Après des études de langues romanes (et beaucoup de latin), Sarah fait des adieux provisoires à Bruxelles, et part à Louvain-la Neuve pour étudier le scénario au sein de l’IAD. Elle termine son cursus scolaire par un stage effectué auprès du scénariste Jean-Luc Gossens, et écrit le long-métrage de fiction Vague de chaleur, encadrée par Gabrielle Borile. Ensuite, Sarah se lance avec Pablo Munoz Gomez dans l’écriture de Welkom (Médiadiffusion 2012), le film de fin d’étude du jeune réalisateur. Après quoi, elle décide de tout plaquer et de s’en aller crapahuter en Chine. Mais voilà qu’à son retour, elle découvre que Welkom a un sympathique succès en festival, et reçoit même le Magritte du meilleur court-métrage (une sorte de César taillé à la belge). Voilà de quoi remettre le pied à l’étrier et entamer toute une série de collaborations avec différents réalisateurs. Elle travaille à nouveau avec Pablo Munoz Gomez, écrit avec Florian Berutti et s’essaye à l’écriture d’une série noire avec son vieil ami Gilles Monnat. Heureusement, Erika Méda et David Borgeaud ont la bonne idée de monter Roue Libre Production ; ensemble, ils déposent plusieurs scénarios à la Commission du film belge, notamment avec le réalisateur Julien Trousson. Aux dernières nouvelles, Sarah Schenkel écrit avec Arnaud Petit et Massimo Putinati, un long-métrage de fiction à mi-chemin entre Grease et Un prophète (on vous assure que c’est possible).

Synopsis

Welkom

Jorge aime son père. Son père aime une poule. Jorge n’aime pas la poule, il veut la mettre dans un poulailler. Avant de construire ce poulailler, Jorge doit se procurer un permis de bâtir. Mais difficile d’obtenir quelque chose quand son jardin est en Flandre et qu’on ne parle pas le flamand.

Un homme ordinaire

Incarner le client lambda et tester la qualité d’un établissement, Claude Chien accomplit à merveille la fonction de client mystère.
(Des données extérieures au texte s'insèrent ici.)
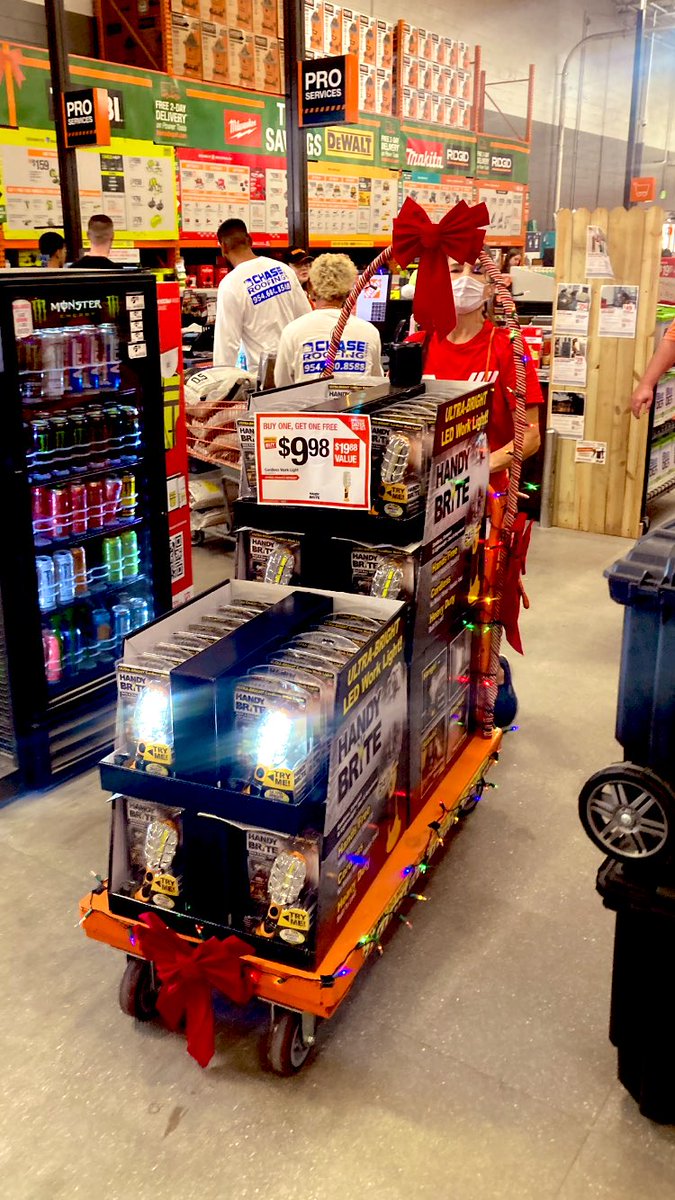 Shout out to 6316 for “driving” BOGO with our 2022 flatCart mobile filled with amazing BOGO merchandise!! Customers thought it was funny and enjoyed the music! Great way to think out of the box team and drive $ale$!

#6316WeRBuiltDifferent
#CheckOutTheHeadLights😉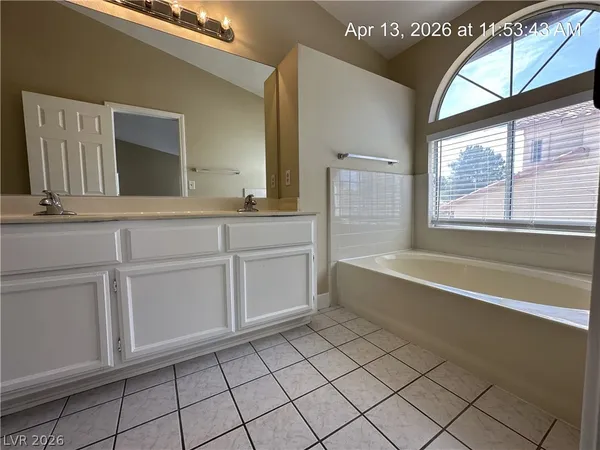 $2,600 | 115 Hanover Drive, Henderson, NV 89074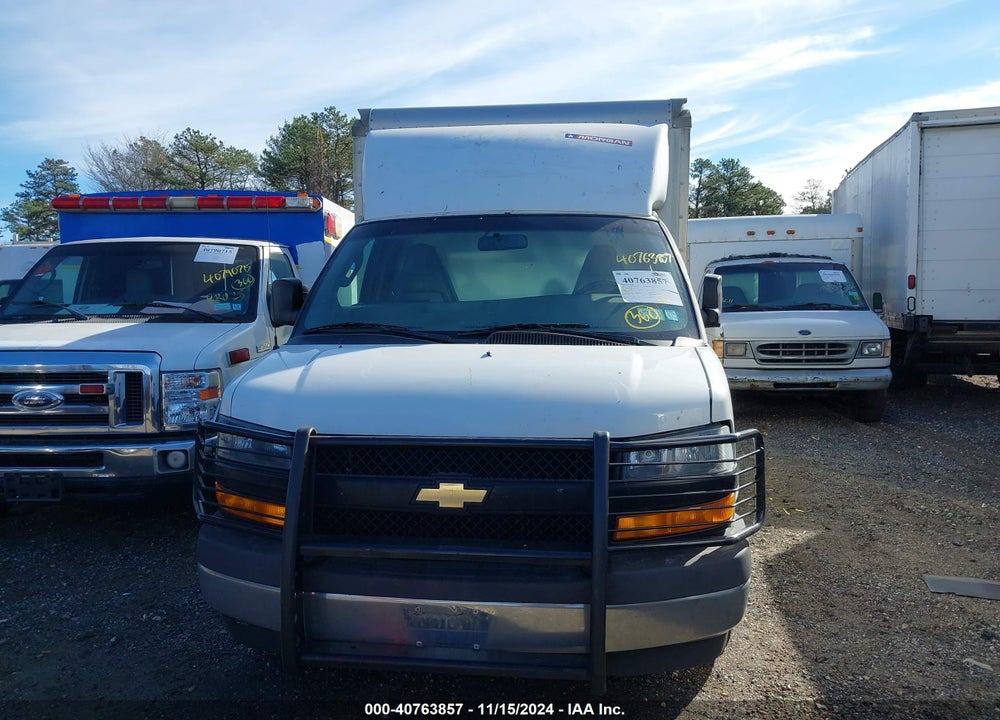 2018 CHEVROLET EXPRESS CUTAWAY WORK VAN VIN: 1GB0GRFP4J1333595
Il s’emploie à être n’importe qui, à se faire oublier dans la masse. Il y parvient tellement bien qu’un jour, Claude n’est pas détecté par les portes automatiques d’un grand magasin. Résigné, cet homme ordinaire s’installe au milieu des chambres d’exposition et des meubles en kit pour devenir un spectateur privilégié au royaume du confort.